Can The SEC Ignore Congress' Plain Language?

In proposing executive incentive compensation clawback rules, the Securities and Exchange Commission departs materially from the plain words of Section 954 of the Dodd-Frank Wall Street Reform and Consumer Protection Act.  Section 954 (codified at Section 10D of the Securities Exchange Act of 1934) states that an issuer will recover incentive-based compensation received during the "3-year period preceding the date on which the issuer is required to prepare an accounting restatement".  The statute doesn't say the "three completed fiscal years immediately preceding the date the issuer is required to prepare an accounting restatement".  Yet, that is what the SEC is proposing.

In the proposing release, the SEC justifies its departure from the plain meaning of the statute as follows:

We believe that basing the look-back period on fiscal years, rather than a preceding 36-month period, is consistent with issuers’ general practice of making compensation decisions and awards on a fiscal year basis.

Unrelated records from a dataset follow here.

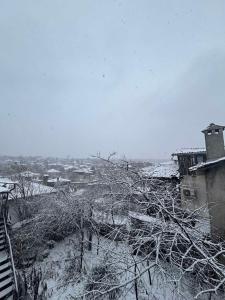 a snow covered city with houses and buildings at dato in Arbanasi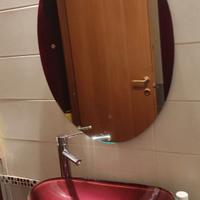 Bagno con lavabo, specchiera e mobiletto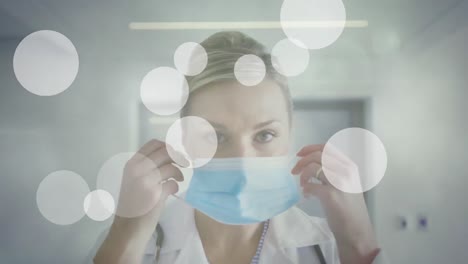 Animation-of-white-spots-over-caucasian-female-doctor-wearing-a-face-mask-at-hospital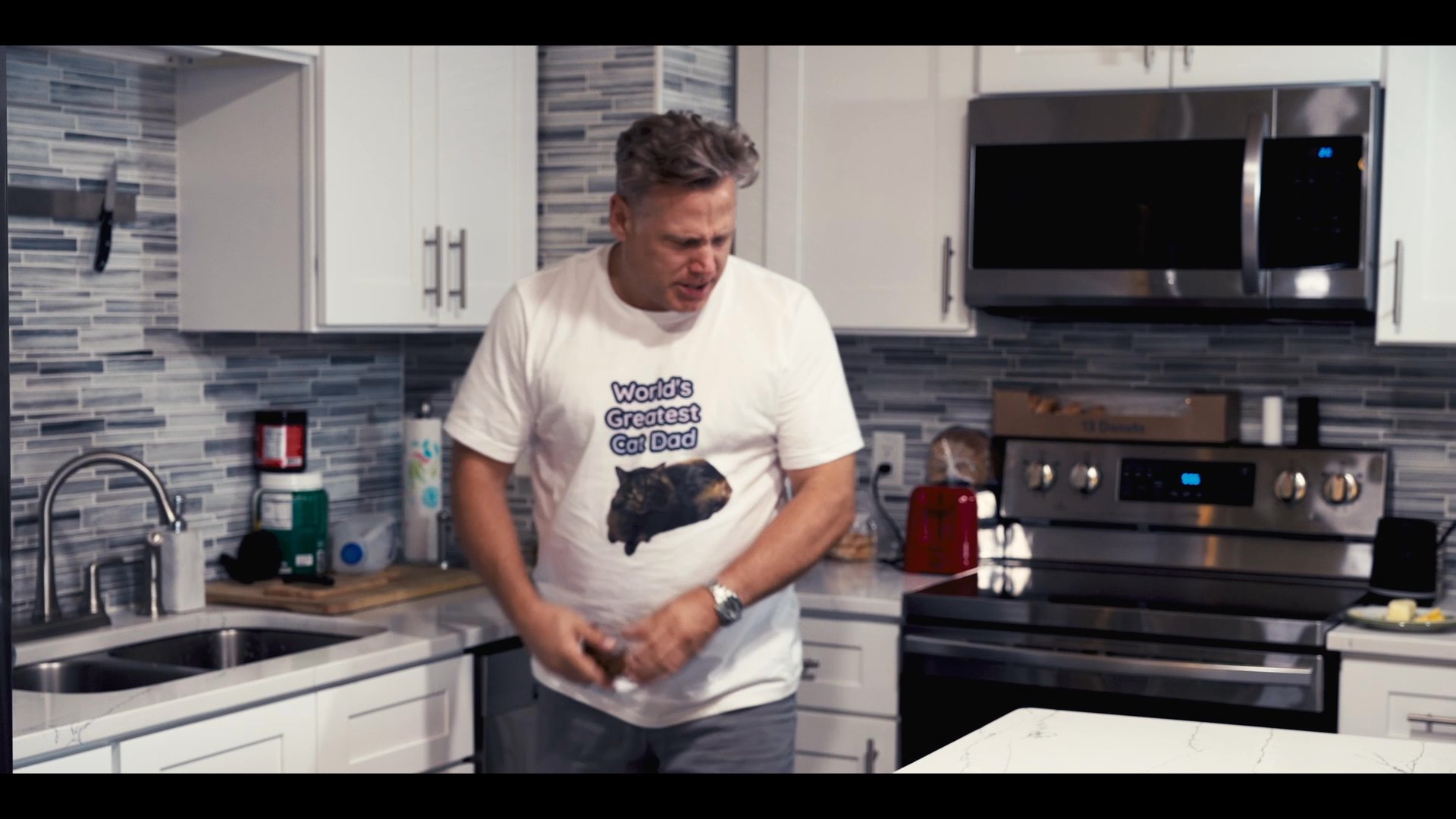 A man pours liquid from a container into a mug within a modern kitchen setting. He concludes by adjusting his shirt and observing the completed drink.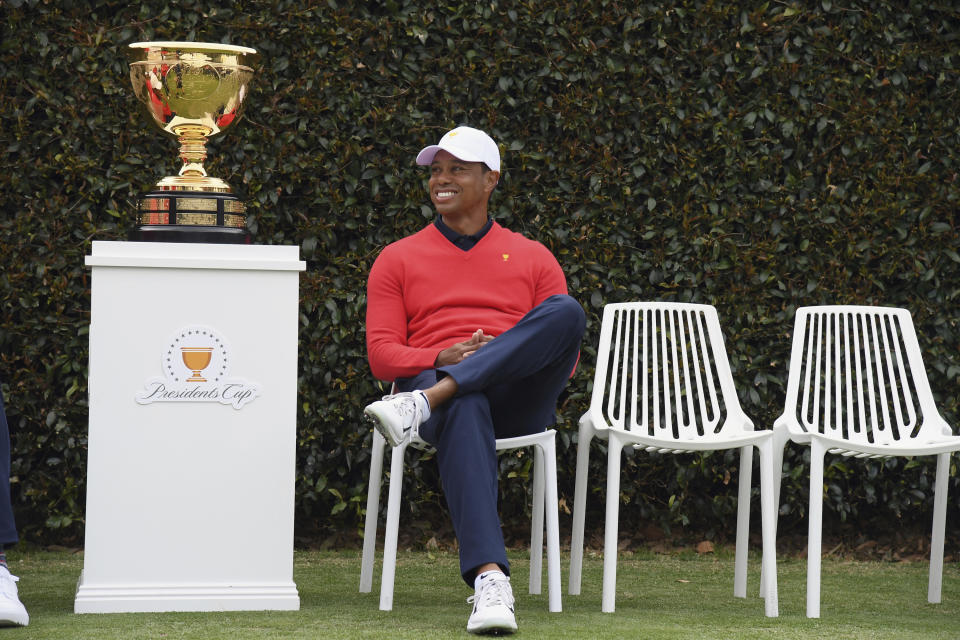 USA team captain Tiger Woods waits for a photo shoot ahead of the President's Cup Golf tournament in Melbourne, Australia, Wednesday, Dec. 11, 2019. (AP Photo Andy Brownbill)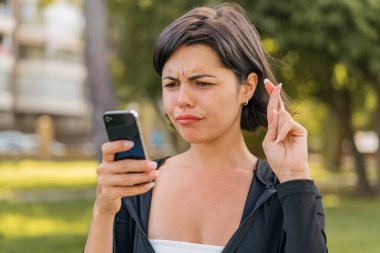 Açık havada genç ve güzel bir Bulgar kadın cep telefonu kullanıyor.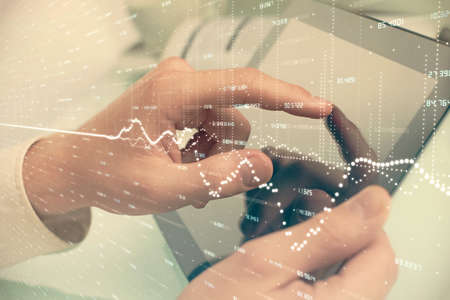 Multi exposure of mans hands holding and using a phone and financial chart drawing. Market analysis...
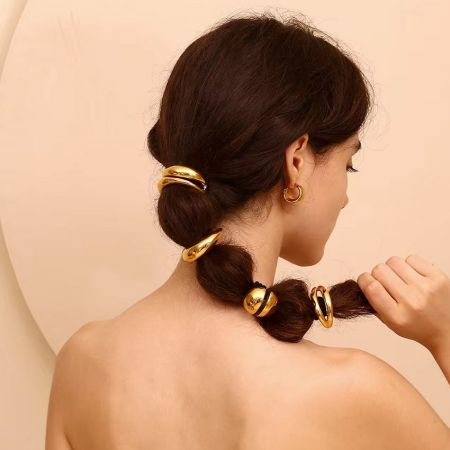 Primer plano del accesorio para el cabello en forma de labios dorados asegurando una coleta de mujer.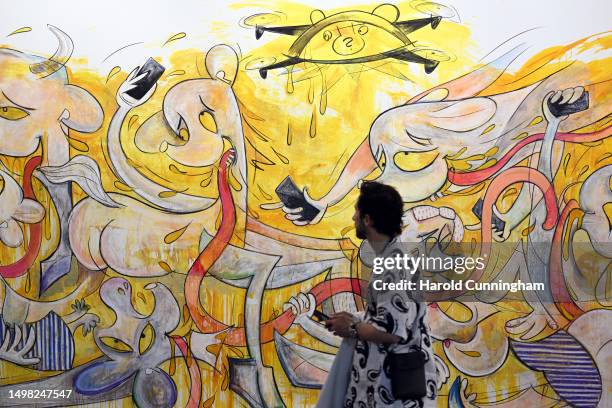 Visitor looks at the artwork of Simon Fujiwara "Who vs Who vs Who?", 2023 on June 13, 2023 in Basel, Switzerland. Art Basel is one of the most...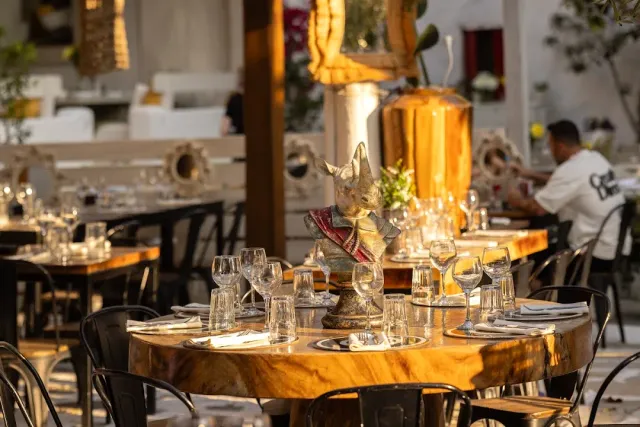 A round polished wooden table with wine glasses and a ceramic figurine, and metal chairs in warm light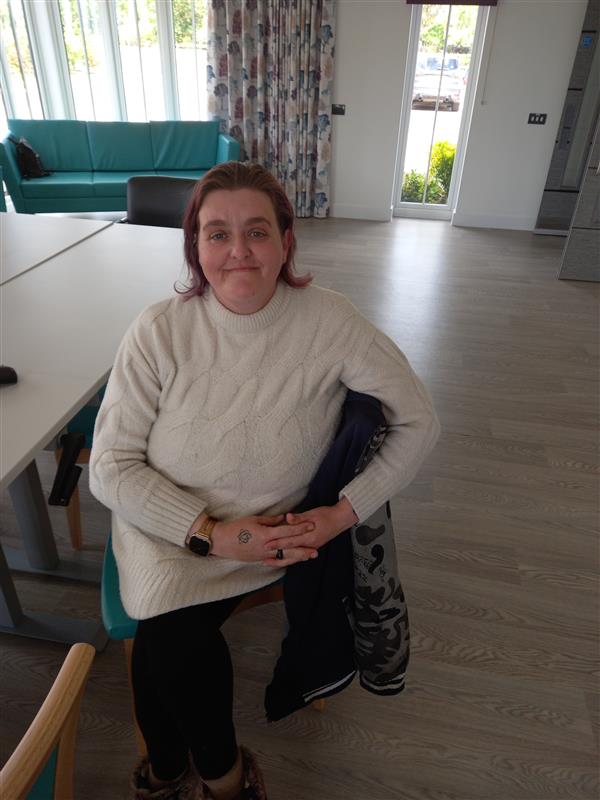 Katrina, a bereaved grandmother, sits in a chair with a gentle half-smile, reflecting quietly.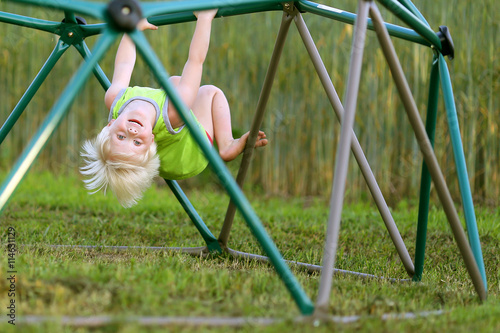 Photography Little Child Playing at PLayground Climbing on Monkey Bars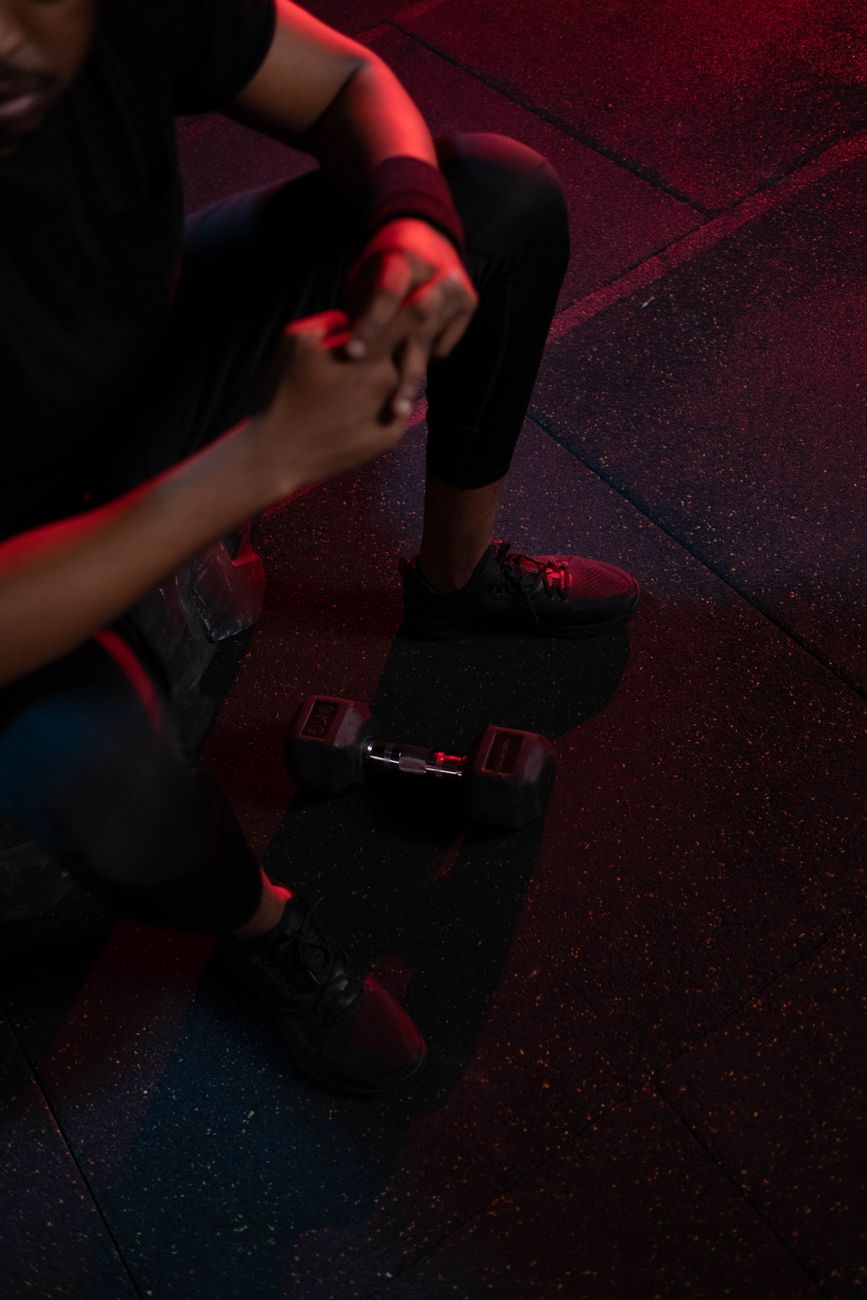 High-angle view of a man resting in a gym beside a dumbbell under red lighting.
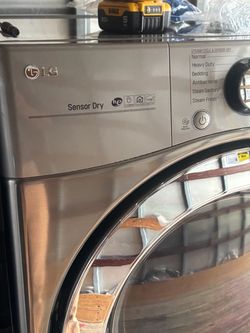 Front load dryer with pedestal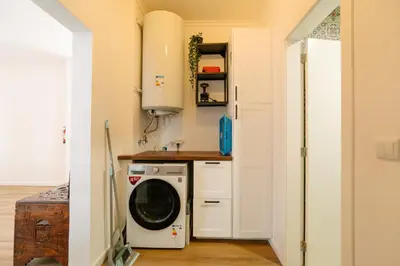a laundry room with a washer and dryer at Sunrise House by Wanderlust Madeira - 2 Bedroom Sea View in Gaula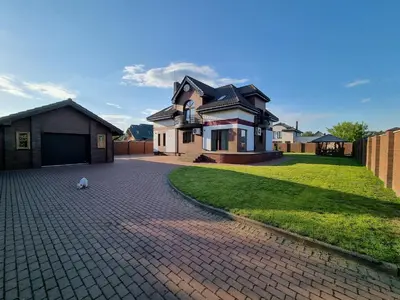 a house with a brick driveway in front of a house at Villa MAG in Druskininkai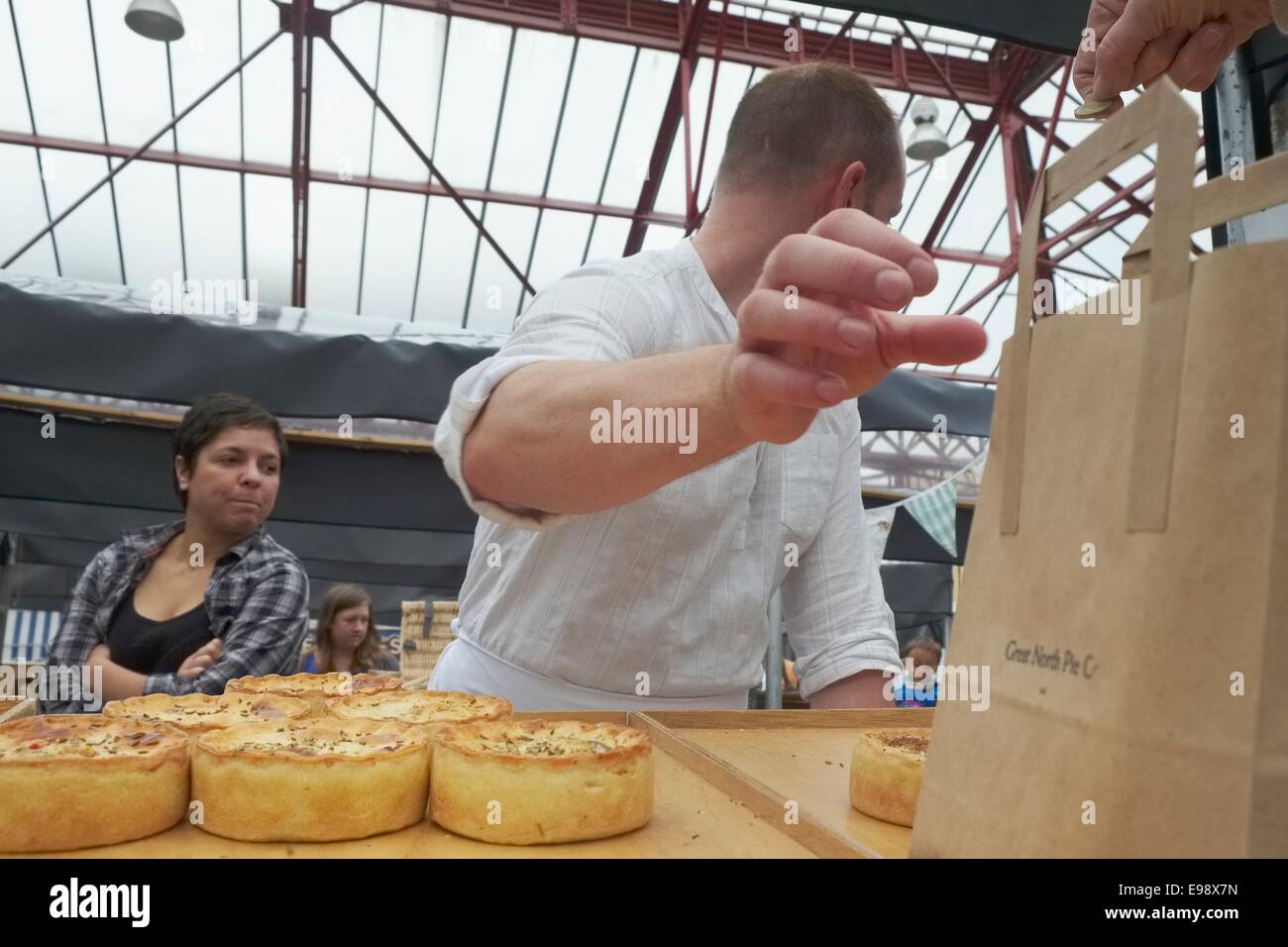 Another satisfied customer: Traditional pie maker serves a customer at the sunday Farmers' in Altrincham, Cheshire, UK Stock Photo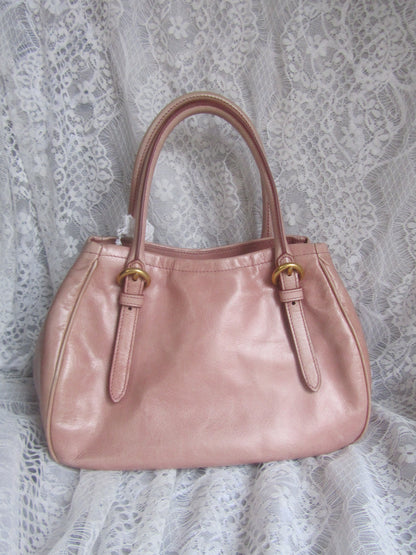 Pink handbag on a lace fabric background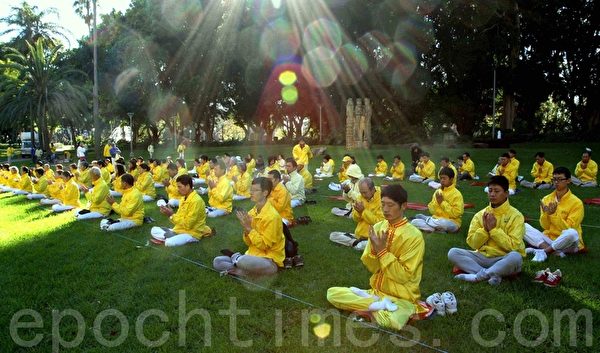 身着黄色衣服的法轮功学员在悉尼市中心的海德公园进行集体晨练。（摄影；何蔚/大纪元）
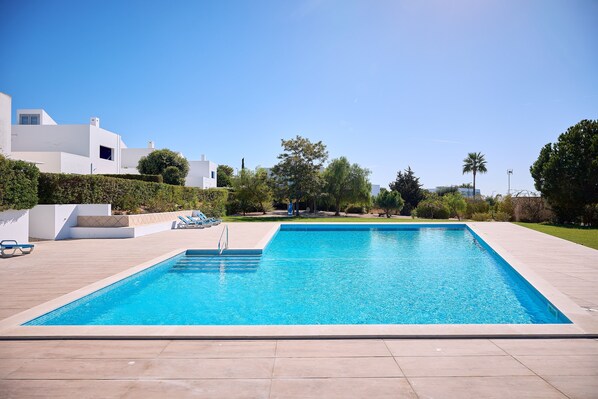 A rectangular swimming pool with a tiled deck surrounding it.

That may be, but that isn't what Congress said.  Moreover, interpreting the statute in accordance with its plain meaning would not frustrate Congressional intent.  The fact that the SEC may think there is a better way does not empower it to overrule Congress.  Regardless of the rationality of the SEC's proposal, it is subject to being set aside as arbitrary and capricious.  5 U. S. C. § 706(2).

Nonetheless, when an agency attempts to give meaning to a statute that is plain on its face, we need not defer to the agency but instead must give effect to the intent of Congress.

The Fertilizer Institute v. E.P.A., 935 F.2d 1303, 1309 (1991) citing Chevron USA, Inc. v. NRDC, Inc., 467 U.S. 837, 842-43 (1984) and Amalgamated Transit Union v. Skinner, 894 F.2d 1362, 1368 (D.C.Cir.1990).